### [REQUIRED WORK]
I would like the lines below, from the one with "Set of 2 Gray" through the one with "Jovees Herbal Lemon", copied exactly and without any pictures.

### [SOURCE RECORDS]
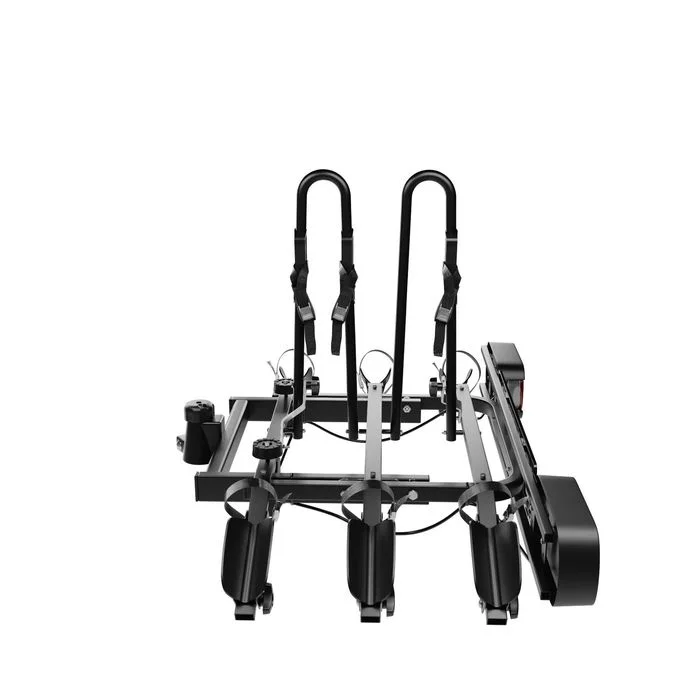 Bagażnik rowerowy platforma na hak Amos Tytan 3 Black uchylany na 3 rowery 75KG 13PIN – zdjęcie 8
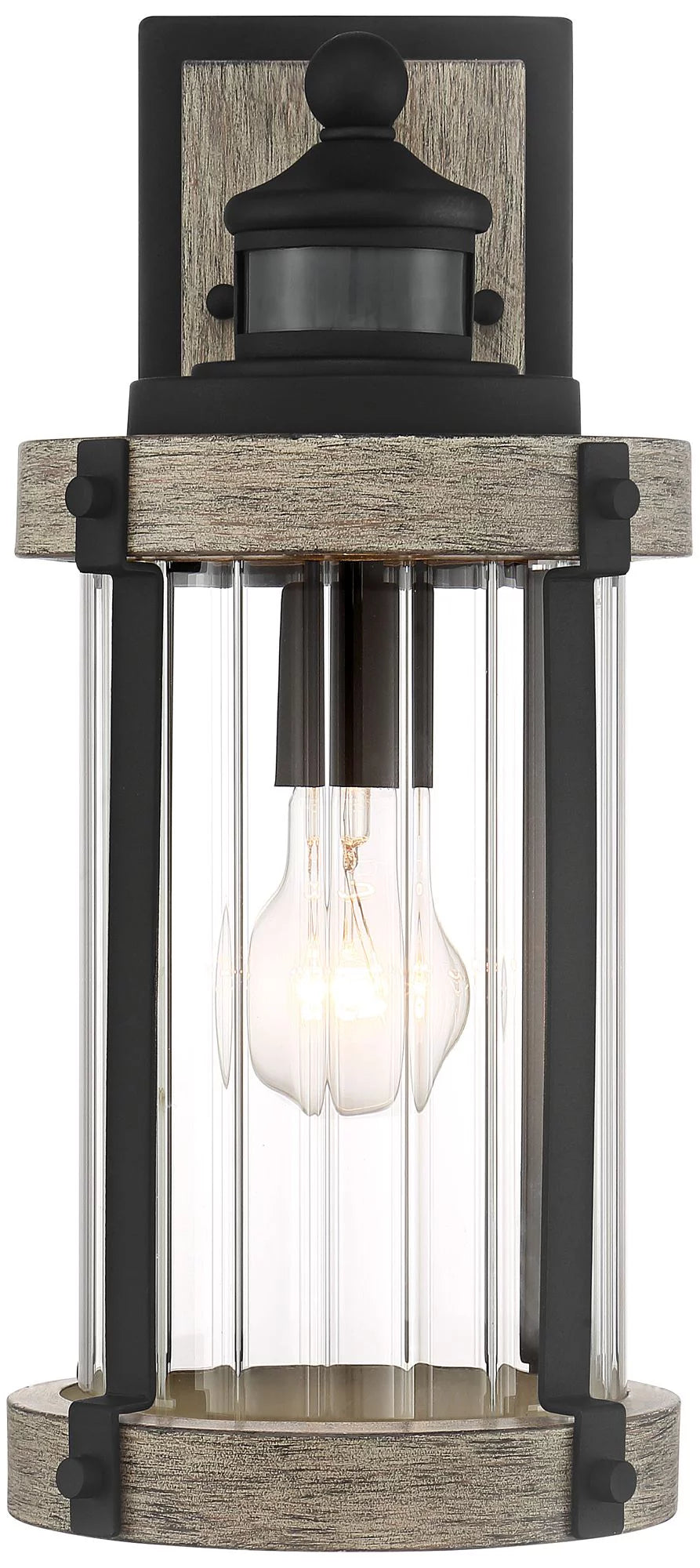 Set of 2 Gray Black Motion Sensor Dusk to Dawn Outdoor Wall Light Z74577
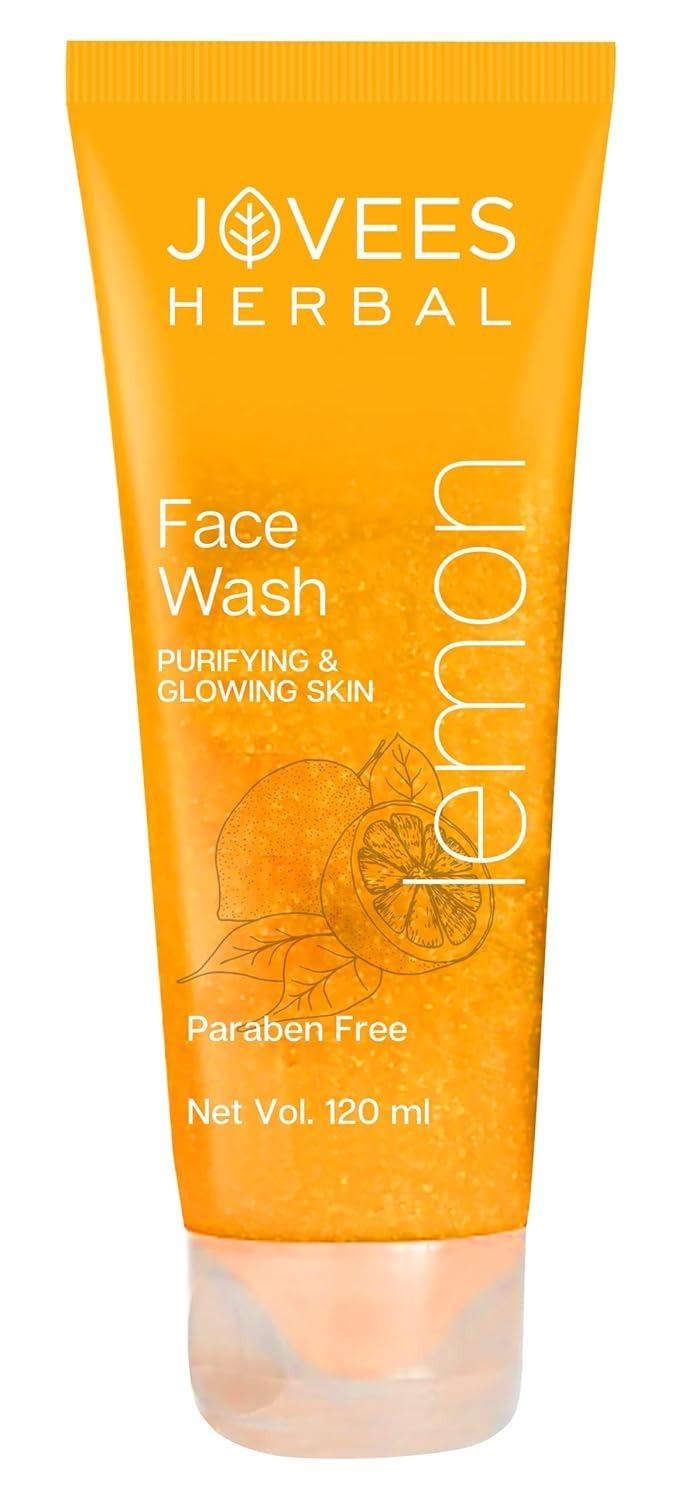Jovees Herbal Lemon Face Wash With Lemon, Orange Peel & Kakadu Plum Extract | Removes Dirt, Impurities & Excess Oil | Reduces Dark Spot | Skin Brightening
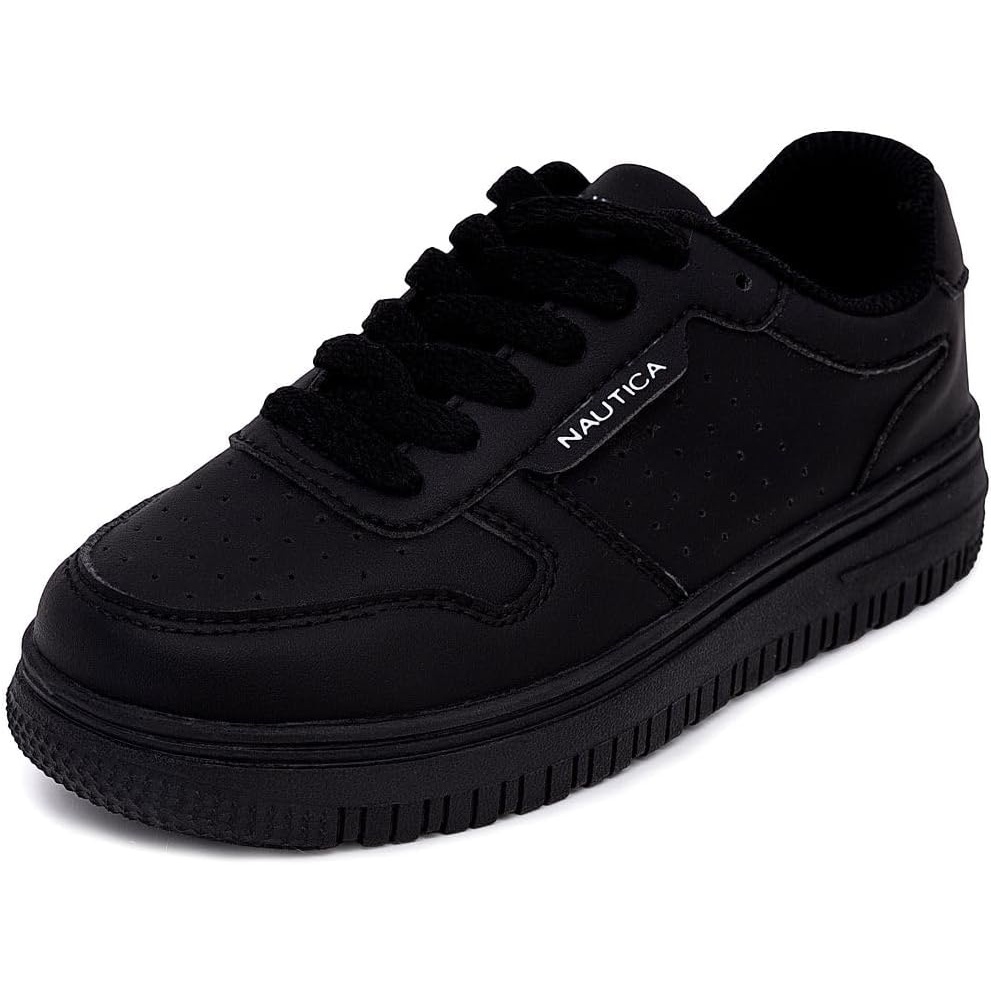 image:imageNautica Boys LowTop Sneakers Basketball Tennis Shoes for Kids Outdoor School Running Shoes Sizes for Big KidLittle KidBlackivan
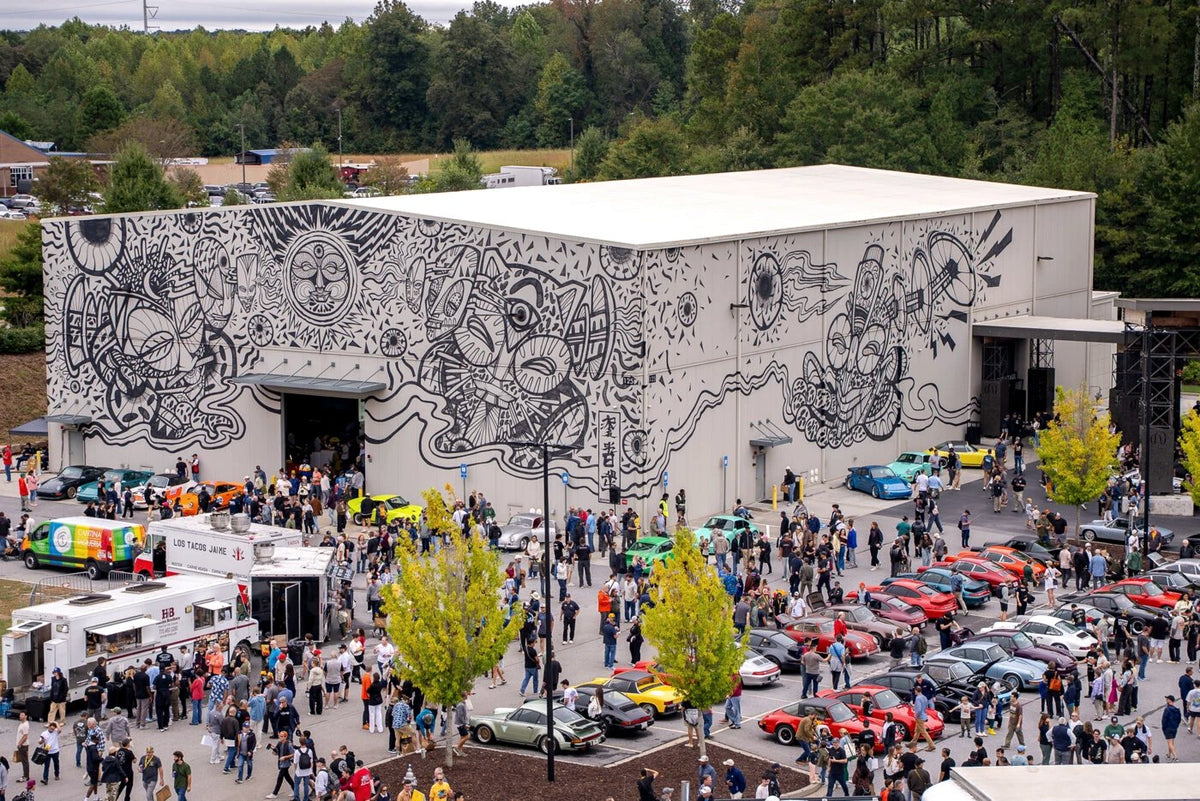 The show lot from above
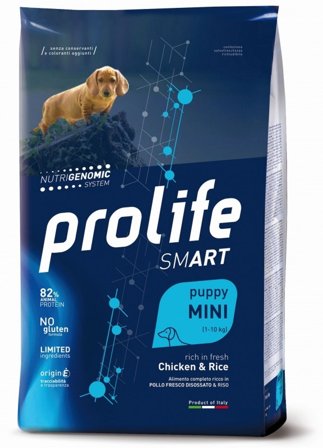 Prolife Dog Smart Chicken & Rice Cibo Secco Per Cani Cuccioli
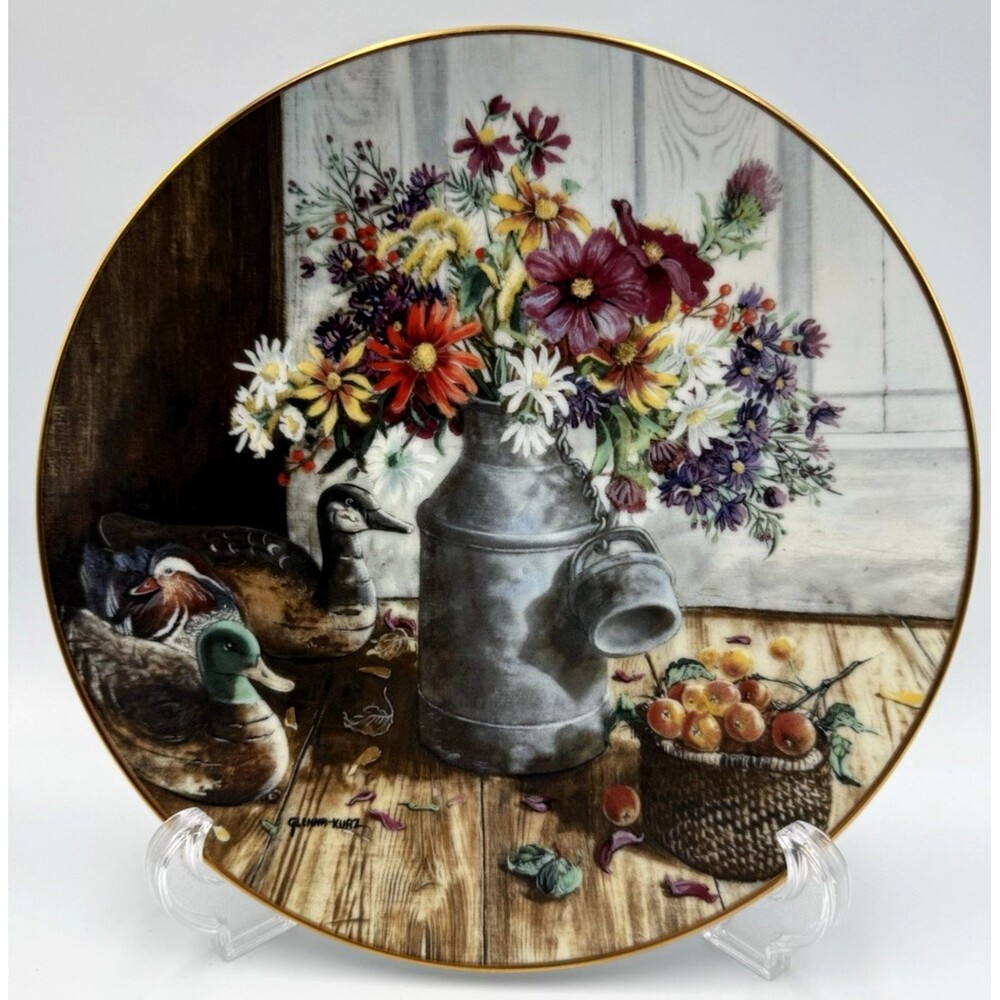 W. S. George Limited Edition Collector Plate 8-1/2" "Homespun Beauty" Exc. Cond.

### [OUTPUT BELOW]
 Set of 2 Gray Black Motion Sensor Dusk to Dawn Outdoor Wall Light Z74577
Jovees Herbal Lemon Face Wash With Lemon, Orange Peel & Kakadu Plum Extract | Removes Dirt, Impurities & Excess Oil | Reduces Dark Spot | Skin Brightening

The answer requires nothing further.